Polina hayli düşünceliydi. Ancak masadan kalkarken kendisiyle gezintiye çıkmamı söyledi. Çocukları alıp parka, havuza doğru gittik.
Coşku içindeydim, hiç düşünmeden kabaca sordum:
"Bizim Fransız, şu Marki de Grieux, gezintiye çıktığında neden Polina'ya eşlik etmiyordu? Ve neden kimi zaman bütün gün hiç konuşmuyordu?"
Polina garip bir tavırla,
– Alçağın biri de ondan! diye yanıt verdi.

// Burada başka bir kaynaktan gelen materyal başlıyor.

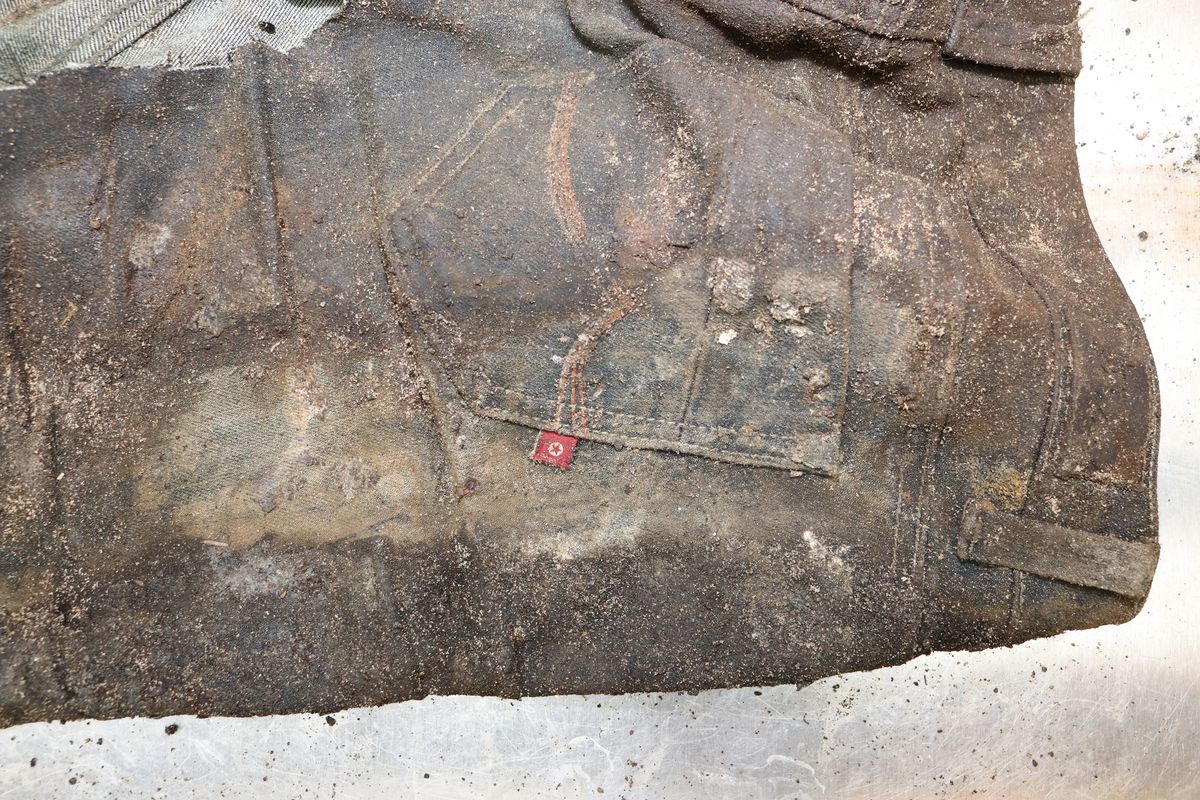 Policjanci proszą o pomoc w identyfikacji zmarłego mężczyzny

Polina'nın, de Grieux'dan şimdiye kadar böyle söz ettiğini hiç işitmemiştim. Bu öfkesinin nedenini anlamaktan korkarcasına susuverdim.
– Bugün General'e karşı hiç de dostça davranmadı, fark ettiniz mi?..

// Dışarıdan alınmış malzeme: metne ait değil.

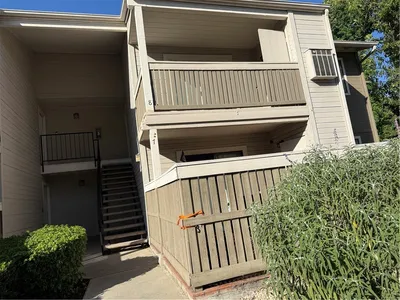 1309 W Mission Boulevard 8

Polina kupkuru ve soğuk bir sesle,
– İşin aslını bilmek istiyorsunuz, diye yanıt verdi. Biliyorsunuz ki General aldığı borca karşılık varını yoğunu, çiftliğini ona ipotek etti. Eğer büyükanne ölmezse, Fransız bütün mallara el koyacak.
– Demek her şeyin ipotek altında olduğu doğru! Bunu duymuştum ama işin böylesine ciddî olduğunu sanmıyordum.
– Aynen böyle işte.
– Madem öyle, güle güle Matmazel Blanche, diye atıldım. General karısı olamayacak artık! Biliyor musunuz, General ona öylesine tutkun ki, eğer Matmazel Blanche ondan ayrılacak olursa intihar eder gibi geliyor bana. İnsanın bu yaşta böylesine sırılsıklam âşık olması çok tehlikelidir.
Polina Aleksandrovna düşünceli düşünceli,
– Başına bir iş açılacakmış gibi geliyor bana da, dedi.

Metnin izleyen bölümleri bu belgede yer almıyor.